This interpretation of "qo" suits well the existence of quasi-reduplications such as "qo-this, qo-that, qo-whatever...". For example, a valid case is "this stuff cures from A, from B, from C, from D". Another possibility, - as discussed in the "function words" thread, - is "qo" as conjunction, but I like this option less, because it does not make sense in labels where "qo" does occur, however rare. Neither of the two options, however, explains away exact reduplications such as "qokeedy qokeedy", and one is left to write that away to scribal errors.
The "operator" approach easily suits the predominance of "qo" in Currier B, since it may be simply a matter of narrative that one needs "from" (or any other operator that "qo" stands for) much more often than in other thematical portions of the manuscript.
Next we move to the "y" prefix, which, by the way, is also not infrequent in labels. Developing this logic of operators, I could suggest that it could mean, for example, "with", although this is more speculative and basically just an idea out of the box. Then "qy" (7 occurrences in the corpus) would be "without". If "y" stands for "with", then probably it is "y" that would express conjunction (and not "q" or "qo").
Some further directions include:
1) Given a Gvord and its frequency count, check o-Gvord, qo-Gvord and y-Gvord and their frequency count. Perform contextual analysis of Gvords vs prefixed Gvords.
2) Given a Gvord, check the "vord" - i.e. the token with the leading gallows stripped.
Some questions that need to be addressed:
1) the gallows coverage is still untouched
2) treating leading "o", "qo" and "y" as prefixes will reduce character entropy. There may be some other major factor though, which would outweigh that.
3) exact reduplication of "qo-stuff" remains unexplained
4) it's not clear what to do with vords having gallows in the middle or in the end, such as e.g. "okchop".

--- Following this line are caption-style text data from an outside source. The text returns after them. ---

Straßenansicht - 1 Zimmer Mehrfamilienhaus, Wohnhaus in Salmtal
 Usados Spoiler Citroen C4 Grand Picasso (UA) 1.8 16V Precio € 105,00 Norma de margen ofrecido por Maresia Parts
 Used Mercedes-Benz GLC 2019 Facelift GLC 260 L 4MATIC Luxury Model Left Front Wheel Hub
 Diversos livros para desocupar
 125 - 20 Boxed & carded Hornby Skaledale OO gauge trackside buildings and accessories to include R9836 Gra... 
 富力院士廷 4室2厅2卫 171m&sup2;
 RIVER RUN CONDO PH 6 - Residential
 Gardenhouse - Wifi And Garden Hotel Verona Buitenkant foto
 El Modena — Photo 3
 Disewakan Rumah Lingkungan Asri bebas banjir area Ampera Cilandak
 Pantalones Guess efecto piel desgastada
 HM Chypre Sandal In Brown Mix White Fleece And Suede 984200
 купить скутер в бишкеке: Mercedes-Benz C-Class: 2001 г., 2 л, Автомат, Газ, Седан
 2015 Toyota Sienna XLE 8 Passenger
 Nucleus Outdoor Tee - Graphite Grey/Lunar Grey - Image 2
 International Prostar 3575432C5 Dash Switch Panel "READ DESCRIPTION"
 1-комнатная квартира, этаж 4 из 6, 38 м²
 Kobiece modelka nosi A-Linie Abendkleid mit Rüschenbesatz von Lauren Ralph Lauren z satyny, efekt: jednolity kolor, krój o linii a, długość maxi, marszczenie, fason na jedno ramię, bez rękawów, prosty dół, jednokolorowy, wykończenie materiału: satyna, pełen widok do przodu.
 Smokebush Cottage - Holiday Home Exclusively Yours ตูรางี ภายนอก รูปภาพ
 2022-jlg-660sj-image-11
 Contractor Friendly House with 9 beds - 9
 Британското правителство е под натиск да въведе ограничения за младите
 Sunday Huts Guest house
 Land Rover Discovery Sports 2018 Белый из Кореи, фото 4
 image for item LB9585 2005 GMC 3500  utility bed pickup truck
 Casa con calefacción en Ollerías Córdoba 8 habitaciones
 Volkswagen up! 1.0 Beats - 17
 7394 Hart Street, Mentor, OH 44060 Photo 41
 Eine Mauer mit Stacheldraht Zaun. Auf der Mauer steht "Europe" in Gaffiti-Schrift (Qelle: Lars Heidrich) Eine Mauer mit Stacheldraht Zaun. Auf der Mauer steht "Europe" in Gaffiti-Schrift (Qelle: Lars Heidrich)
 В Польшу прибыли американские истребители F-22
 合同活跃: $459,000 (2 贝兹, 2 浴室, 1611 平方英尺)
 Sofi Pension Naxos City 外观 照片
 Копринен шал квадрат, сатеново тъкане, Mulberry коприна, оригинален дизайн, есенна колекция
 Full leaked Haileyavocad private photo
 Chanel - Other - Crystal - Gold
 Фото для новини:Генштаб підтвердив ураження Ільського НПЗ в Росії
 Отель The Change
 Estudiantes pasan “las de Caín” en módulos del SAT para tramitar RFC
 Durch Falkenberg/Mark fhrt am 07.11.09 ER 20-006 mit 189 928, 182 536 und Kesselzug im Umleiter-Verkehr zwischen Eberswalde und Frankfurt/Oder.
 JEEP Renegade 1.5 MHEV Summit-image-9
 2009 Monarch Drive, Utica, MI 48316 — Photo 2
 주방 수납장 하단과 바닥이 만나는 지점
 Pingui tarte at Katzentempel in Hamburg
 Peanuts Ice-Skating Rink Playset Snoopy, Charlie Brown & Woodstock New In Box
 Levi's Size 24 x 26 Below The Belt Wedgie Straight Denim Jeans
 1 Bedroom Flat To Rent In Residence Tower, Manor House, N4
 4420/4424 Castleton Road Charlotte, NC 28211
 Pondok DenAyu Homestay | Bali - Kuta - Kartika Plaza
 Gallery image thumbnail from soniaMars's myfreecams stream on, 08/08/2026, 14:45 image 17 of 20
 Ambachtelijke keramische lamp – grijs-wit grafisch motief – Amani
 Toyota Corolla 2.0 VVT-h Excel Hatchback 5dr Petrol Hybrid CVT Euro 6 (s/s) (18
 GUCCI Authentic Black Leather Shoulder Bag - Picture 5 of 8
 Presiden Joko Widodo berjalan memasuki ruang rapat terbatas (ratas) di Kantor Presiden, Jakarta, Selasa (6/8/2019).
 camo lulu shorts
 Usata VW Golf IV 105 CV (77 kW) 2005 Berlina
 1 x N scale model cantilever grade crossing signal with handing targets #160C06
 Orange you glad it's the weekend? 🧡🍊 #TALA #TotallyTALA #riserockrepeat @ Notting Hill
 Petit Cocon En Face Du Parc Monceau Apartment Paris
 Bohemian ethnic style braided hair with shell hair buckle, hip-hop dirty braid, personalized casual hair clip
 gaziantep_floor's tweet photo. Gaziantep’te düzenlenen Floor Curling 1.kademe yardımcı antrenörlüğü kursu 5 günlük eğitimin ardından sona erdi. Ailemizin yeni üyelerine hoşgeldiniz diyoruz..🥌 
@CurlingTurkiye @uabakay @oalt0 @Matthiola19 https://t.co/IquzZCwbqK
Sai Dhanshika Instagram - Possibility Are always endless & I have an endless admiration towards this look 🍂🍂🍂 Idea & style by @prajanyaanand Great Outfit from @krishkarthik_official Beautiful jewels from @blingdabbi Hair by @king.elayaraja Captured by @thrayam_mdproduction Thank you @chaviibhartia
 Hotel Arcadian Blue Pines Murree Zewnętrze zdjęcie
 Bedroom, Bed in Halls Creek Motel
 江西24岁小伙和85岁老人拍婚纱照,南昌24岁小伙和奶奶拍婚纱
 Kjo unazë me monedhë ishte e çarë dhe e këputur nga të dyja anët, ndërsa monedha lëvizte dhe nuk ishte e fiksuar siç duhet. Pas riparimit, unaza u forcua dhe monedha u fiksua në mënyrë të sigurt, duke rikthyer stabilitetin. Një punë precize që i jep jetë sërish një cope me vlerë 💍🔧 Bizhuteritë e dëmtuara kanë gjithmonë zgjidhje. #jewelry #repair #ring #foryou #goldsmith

5) the roles of different gallows are still unexplained
Another operator that would be needed in a text is "of". Given how the MS begins: "Fachys ykal ar ytaiin", I wonder whether "y" might be candidate for that, because an annotation such as "Book of kal and of taiin...." would appear just natural, in fact in the old times it was common for a book's title to be quite lengthy, representing in fact its annotation.
What is an important consequence with such prefix-based approach is that the VMS dictionary then probably shrinks from its originally Shakespearing scale.
(19-03-2019, 03:55 PM)Anton Wrote: You are not allowed to view links. Register or Login to view.Another operator that would be needed in a text is "of". Given how the MS begins: "Fachys ykal ar ytaiin", I wonder whether "y" might be candidate for that, because an annotation such as "Book of kal and of taiin...." would appear just natural, in fact in the old times it was common for a book's title to be quite lengthy, representing in fact its annotation.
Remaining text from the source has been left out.